Canelo Álvarez vs. James Kirkland
- Date: May 9, 2015
- Venue: Minute Maid Park, Houston, Texas, U.S.

Tale of the tape
- Boxer: Canelo Álvarez / James Kirkland
- Nickname: "Canelo" / "Mandingo Warrior"
- Hometown: Guadalajara, Jalisco, Mexico / San Antonio, Texas, U.S.
- Purse: >$3,500,000 / $1,300,000
- Pre-fight record: 44–1–1 (29 KO) / 32–1 (28 KO)
- Age: 24 years, 9 months / 31 years, 1 month
- Height: 5 ft 8 in (173 cm) / 5 ft 9 in (175 cm)
- Weight: 154+1⁄2 lb (70 kg) / 154+1⁄2 lb (70 kg)
- Style: Orthodox / Southpaw
- Recognition: WBA/WBC/The Ring/TBRB No. 1 Ranked Light middleweight Former unified light middleweight champion / Former NABO Light middleweight champion

Result
- Álvarez wins by 3rd-round KO

= Canelo Álvarez vs.
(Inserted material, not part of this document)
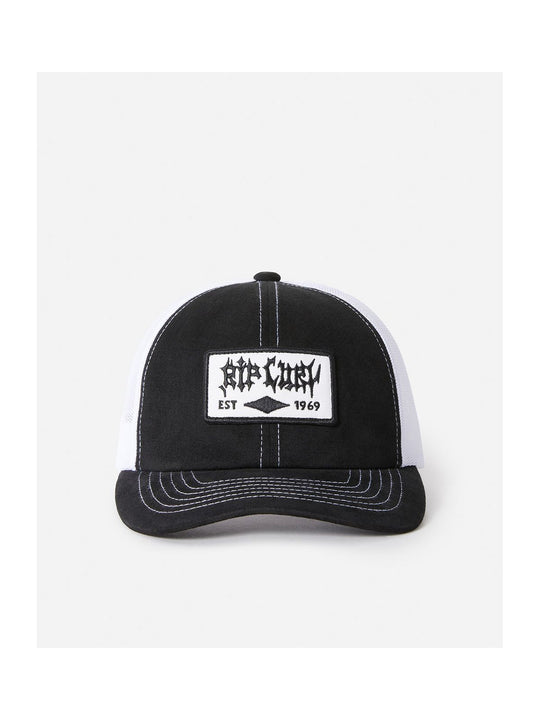 Czapka RIP CURL Quality Products Trucker czarny - TU - Adventure Sports
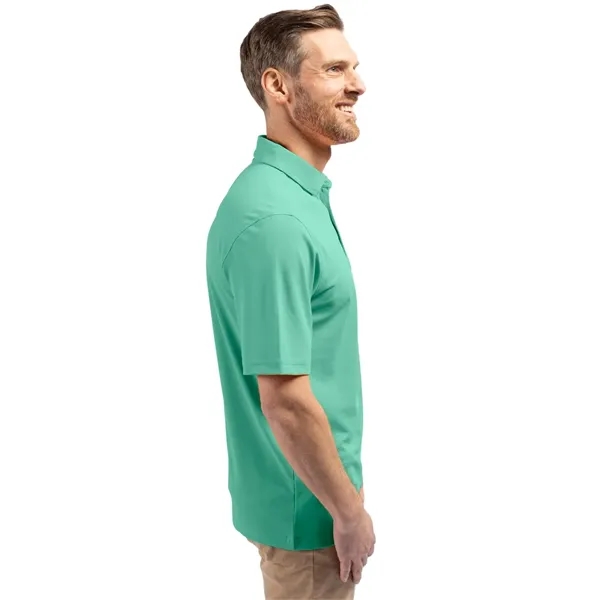 Men's polo with moisture-wicking performance, UPF 25+ protection, self-fabric collar, and... from ASI 47965 Cutter & Buck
James Kirkland =

2015 boxing match

Canelo Álvarez vs. James Kirkland was a professional boxing match contested on May 9, 2015.

==Background==
Canelo Álvarez, who was coming off a unanimous decision victory over Erislandy Lara in July 2014, had been looking for a new opponent to fight. His team had been negotiating with several potential opponents, including Miguel Cotto, but the talks had fallen through. Ultimately, the decision was made to face James Kirkland, who had been considered a dangerous opponent due to his punching power.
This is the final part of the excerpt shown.